- Nur Mohammad Kandi-ye Vosta
- Coordinates: 39°28′27″N 47°29′54″E﻿ / ﻿39.47417°N 47.49833°E
- Country: Iran
- Province: Ardabil
- County: Ardabil
- District: Central
- Rural District: Aslan Duz-e Sharqi

Population (2016)
- • Total: 307
- Time zone: UTC+3:30 (IRST)

= Nur Mohammad Kandi-ye Vosta =

Village in Ardabil province, Iran

Nur Mohammad Kandi-ye Vosta (نورمحمدكندي وسطي) (Note: Also romanized as Nūr Moḩammad Kandī-ye Vosţá) is a village in Aslan Duz-e Sharqi Rural District of the Central District in Aslan Duz County, Ardabil province, Iran.

==Demographics==
===Population===
At the time of the 2006 National Census, the village's population was 325 in 57 households, when it was in Aslan Duz Rural District (Note: Renamed Aslan Duz-e Gharbi Rural District) of the former Aslan Duz District in Parsabad County. The following census in 2011 counted 341 people in 88 households. The 2016 census measured the population of the village as 307 people in 97 households.

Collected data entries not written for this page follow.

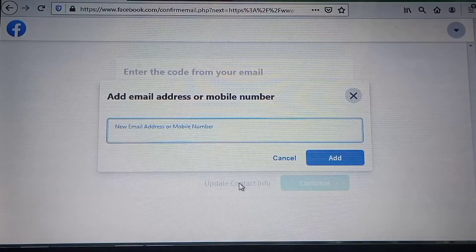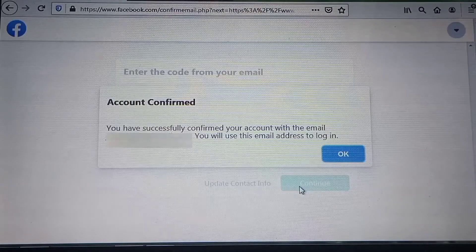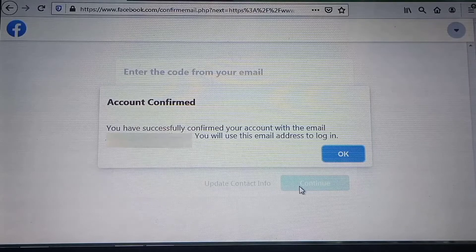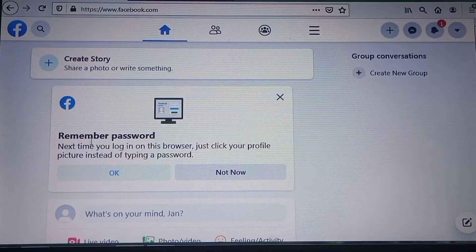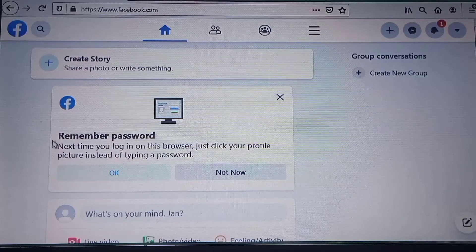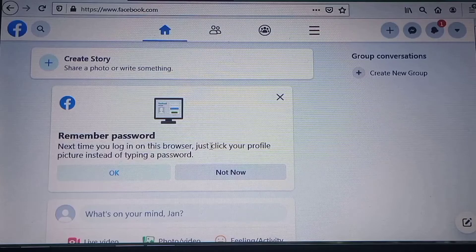After confirming your contact info, you will have your account ready. Before you start using your account, you can allow Facebook to remember your password to make it easy when logging in.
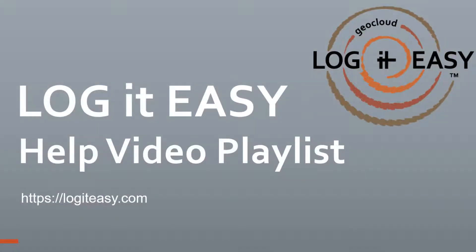This video shows how, in less than 5 minutes, you can create simple geologic cross-sections online using Logit Easy.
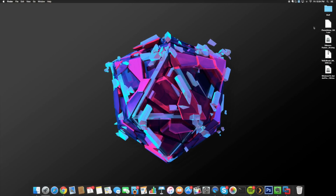What's up guys, this is Cody here and today I'm gonna be showing you how to jailbreak iOS 8.4 on a Mac. This is a very simple process — a lot of people think that it's complicated or convoluted, but it's really not. If you just follow this tutorial step-by-step, I'm gonna walk you through it.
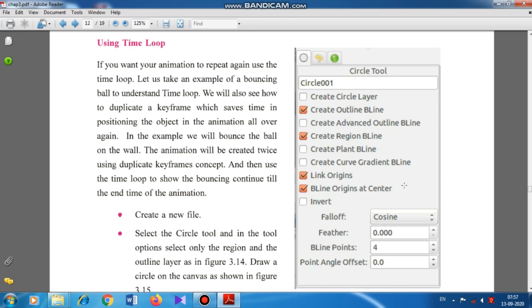In the example, we will bounce the ball on the walls. The animation will be created twice using the duplicate keyframes concept, and then use the time loop to show the bouncing continuing till the end time of the animation. Now, everything given in the textbook is not always right.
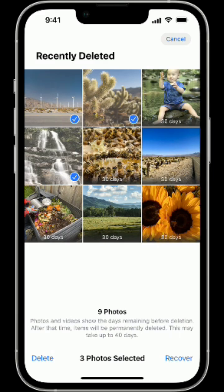If you don't see your pictures, log into your cloud storage on a computer — sometimes they show up there.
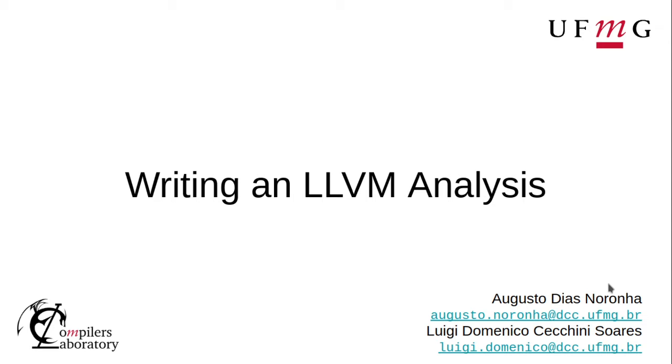Hi there, I'm Luigi Domenico and I'm currently pursuing a master's degree at UFMG where I do research on compilers. In the previous video, Augusto introduced LLVM passes, talked about the difference between analysis and transformations and presented a few examples of existing passes. Now I'll show you how to write your own analysis.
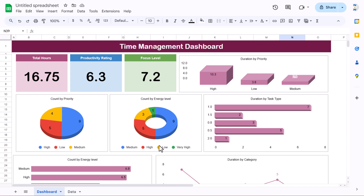That is how you can create this time management dashboard. I hope you enjoyed this video — if you liked it, please hit the like button and subscribe to my channel to get regular updates. Thank you so much for watching.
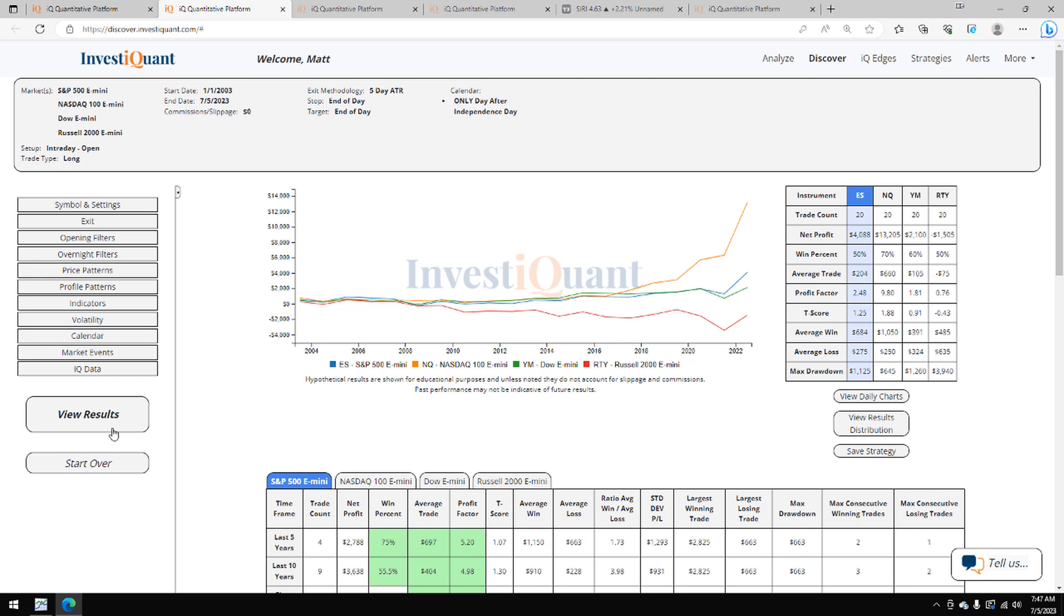Historically, we've got 20 samples to look at here dating back to 2003. Win rates on these coming in at 50% for the S&P close above the opening print. For the NASDAQ, it's up to 70%. For the Dow, 60%. For the Russell, 50%.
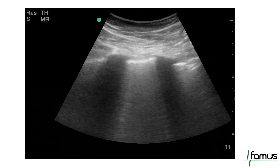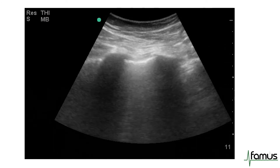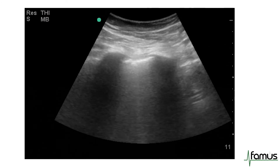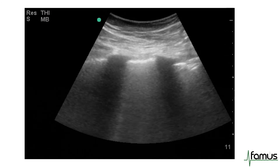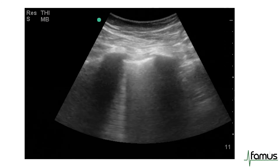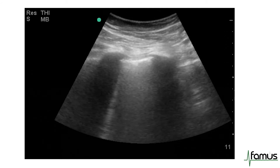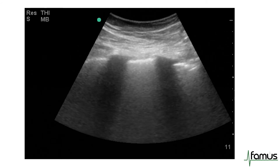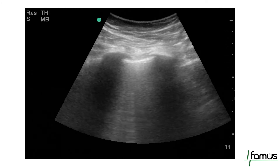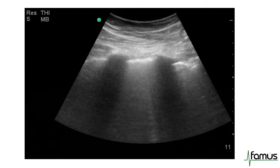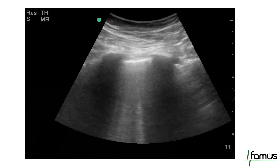I want to highlight another example of B lines, which you can see on this cine, with multiple vertical ring-down artefacts causing bright laser-like lines which move with respiration.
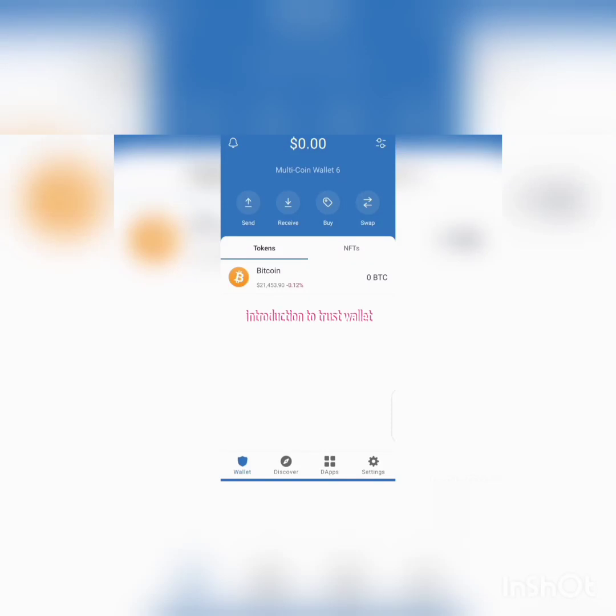Welcome to this class. I'm happy and delighted to explain to you things about Trust Wallet. In this class I'll be showing you everything about Trust Wallet — how you operate it, how you use it. Trust Wallet, as you can see, is a non-custodial, decentralized wallet whereby you can send, receive, and store your Bitcoin and other cryptocurrency.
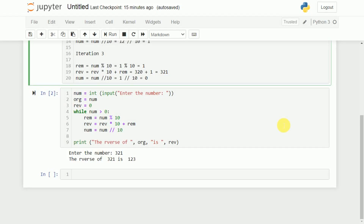In this video, we have discussed how to write a Python program to find the reverse of a number. I hope the program is clear. If you like the video, do like and share with your friends. Press the subscribe button for more videos and the bell icon for regular updates. Thank you for watching.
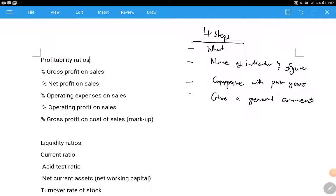Hello accounting students, welcome to another video. In this video we'll be doing analysis and interpretation of financial statements and the audit report. People who analyze financial statements are the users of financial statements - those benefiting in some way from the company, such as shareholders, employees, or potential shareholders looking to invest.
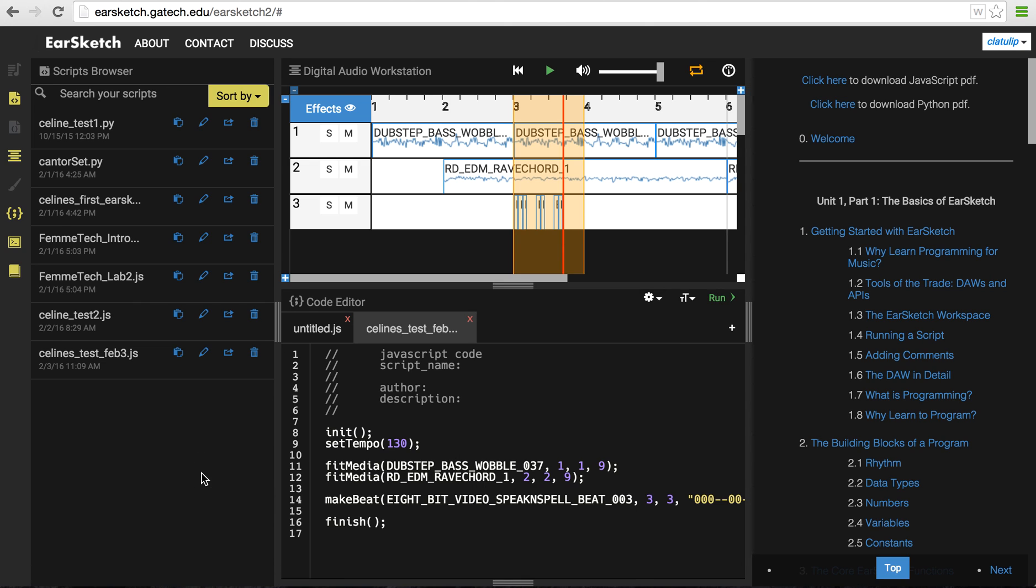All right, so that's it for an intro tutorial to EarSketch. Go and log yourself in and start playing and have fun.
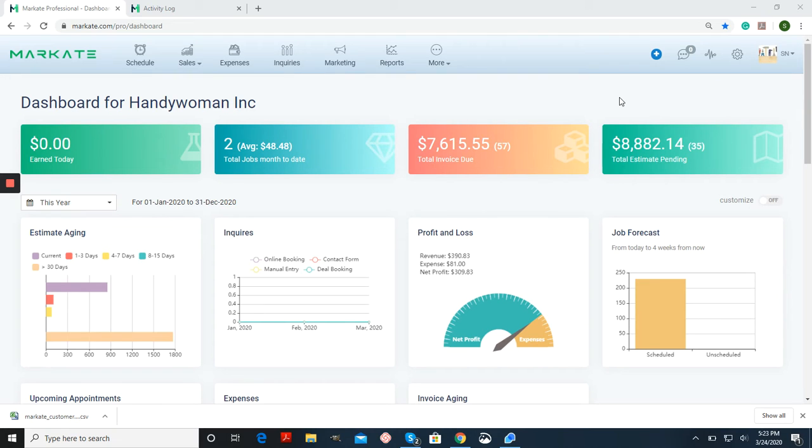Hi everyone, this is Stephanie with Maskate. In this tutorial, I'm going to be talking about the activity log.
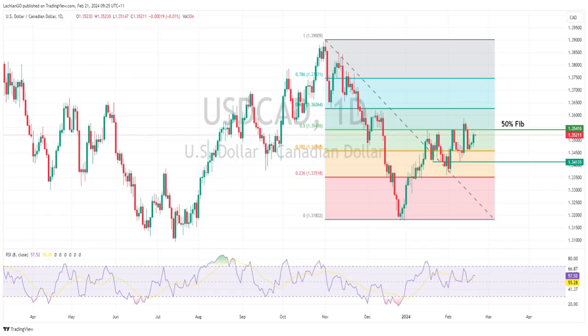The Canadian dollar was a G10 underperformer after Canadian CPI came in much softer than expected. USD/CAD broke above 135, looking to test that 50% Fib level at 135.41. Futures pricing of Bank of Canada rate moves repriced very dovishly on the back of that CPI reading, along with a drop in oil prices really hitting the Canadian dollar.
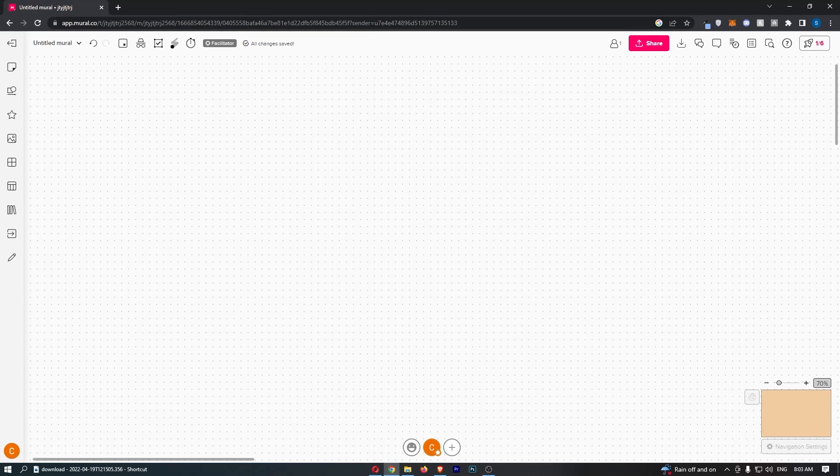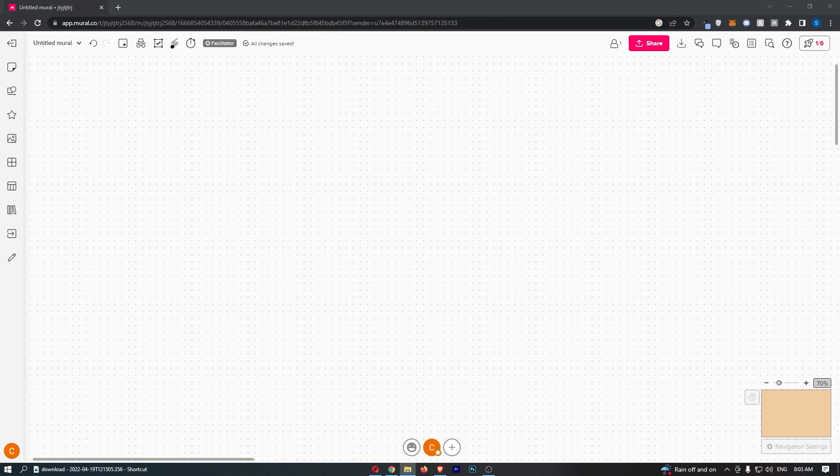How to add a sticky note in Mural. This video is going to be a complete step-by-step tutorial, so if you follow along, by the end of this video you will be able to add a sticky note to Mural.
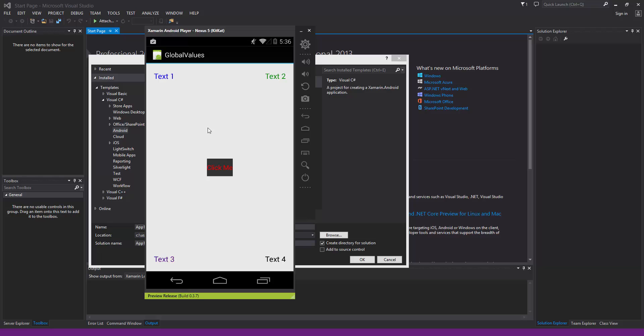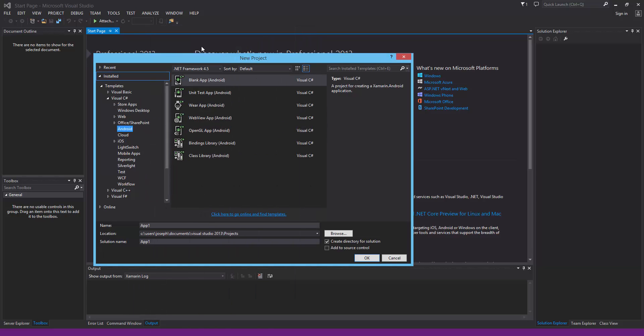We're going to be working on strings, then colors, and dimensions mainly — but you can also do integers. Those first three are probably the most useful, and integers are great if you want runtime values to work with. Let's close this out and start with a fresh new project in Visual Studio — we'll call it 'global values tutorial'.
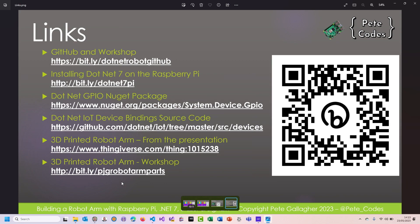Go ahead and scan that QR code — that'll take you to the source code. All of the source code for everything I've shown is on there. I've got a blog post on how you get .NET 7 on the Pi — there's a single line install script that will get .NET 7 in there, covering .NET 5, 6, and 7. You choose one. And some examples on how to get started, plus some of the libraries and the arm model — that's just one I got off Thingiverse and put together badly, which is so wobbly, but it works. Thank you very much.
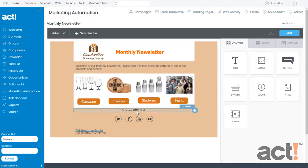In most cases an HTML block would be used in a blank template as the only content on the email itself, apart from the unsubscribe link and the company address information, but I wanted to include it here just to show you what it looks like.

In 2019, the district was separated from the county in the establishment of Aslan Duz County. The rural district was transferred to the new Central District and renamed Aslan Duz-e Gharbi Rural District. Nur Mohammad Kandi-ye Vosta was transferred to Aslan Duz-e Sharqi Rural District created in the district.